Repeat exactly the lines beginning at the one that contains "Hawaiian Sea Turtles" and running to the end of the material. Omit the pictures.

::::::::

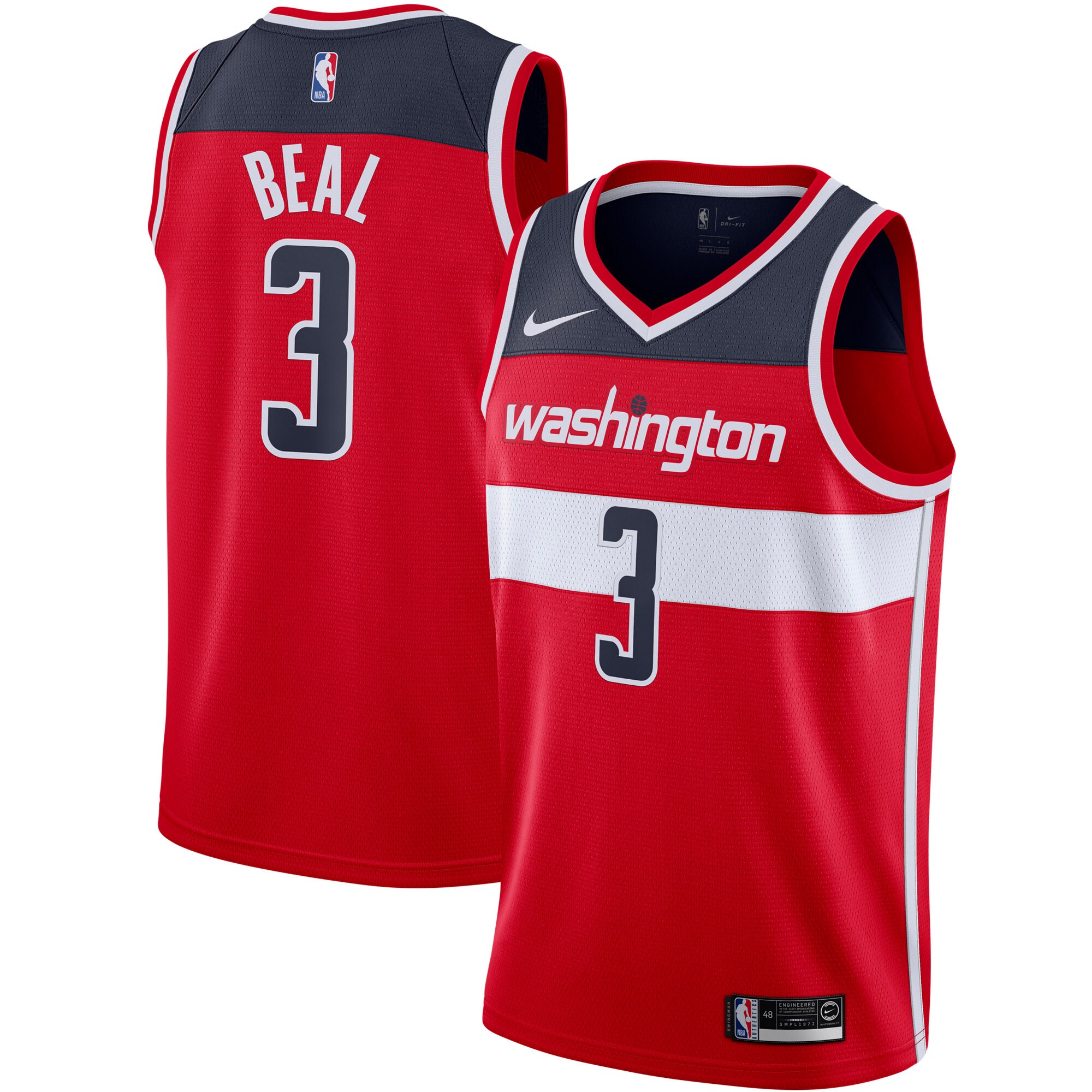 Alternative view of Bradley Beal Washington Wizards 2019/2020 Swingman Jersey – Icon Edition – Red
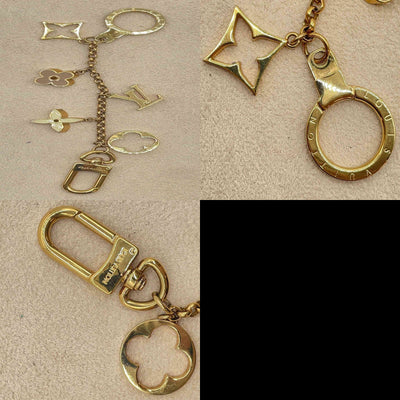 $675 Louis Vuitton Fleur de Monogram Bag Charm Chain Gold Beige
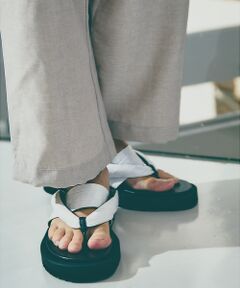 ＜クロコ型押し＞【WRAP SHOES】ボリュームソール雪駄 トングサンダル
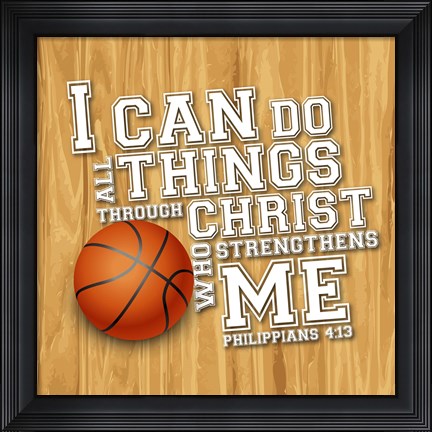 Framed I Can Do All Sports - Basketball Print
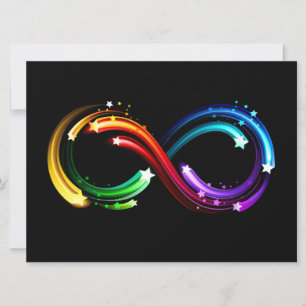 Infinity symbol of rainbow comets invitation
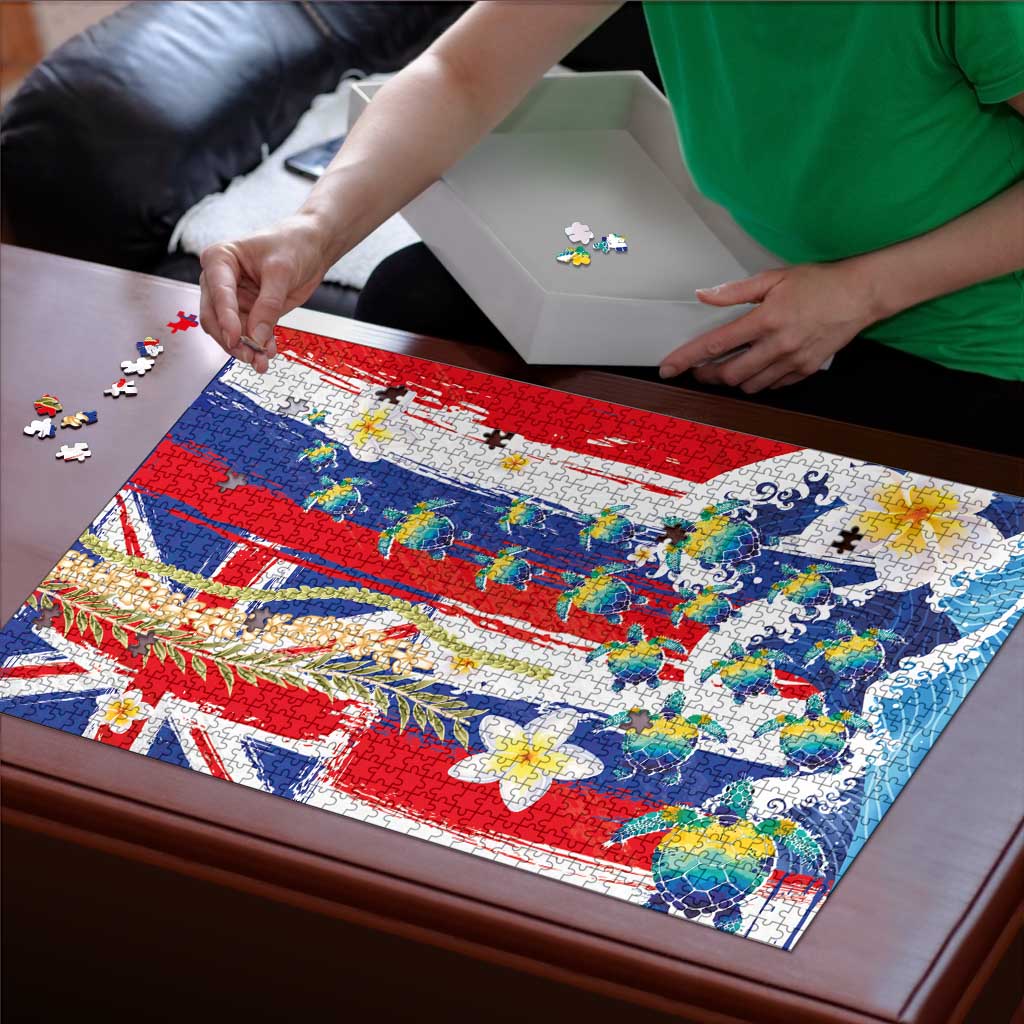 Hawaiian Sea Turtles and Plumeria Puzzle with Lei and Flag Grunge Style LT03 - Polynesian Pride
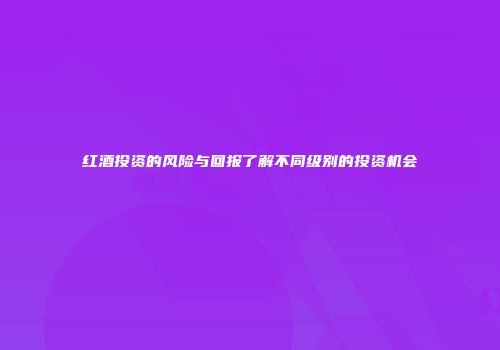 红酒投资的风险与回报了解不同级别的投资机会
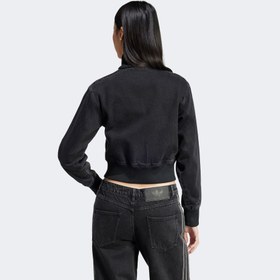 Resim adidas Adicolor Denim Fermuarlı Kadın Siyah Eşofman Üstü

::::::::

COMPLETED TASK -
 Hawaiian Sea Turtles and Plumeria Puzzle with Lei and Flag Grunge Style LT03 - Polynesian Pride
 红酒投资的风险与回报了解不同级别的投资机会
 Resim adidas Adicolor Denim Fermuarlı Kadın Siyah Eşofman Üstü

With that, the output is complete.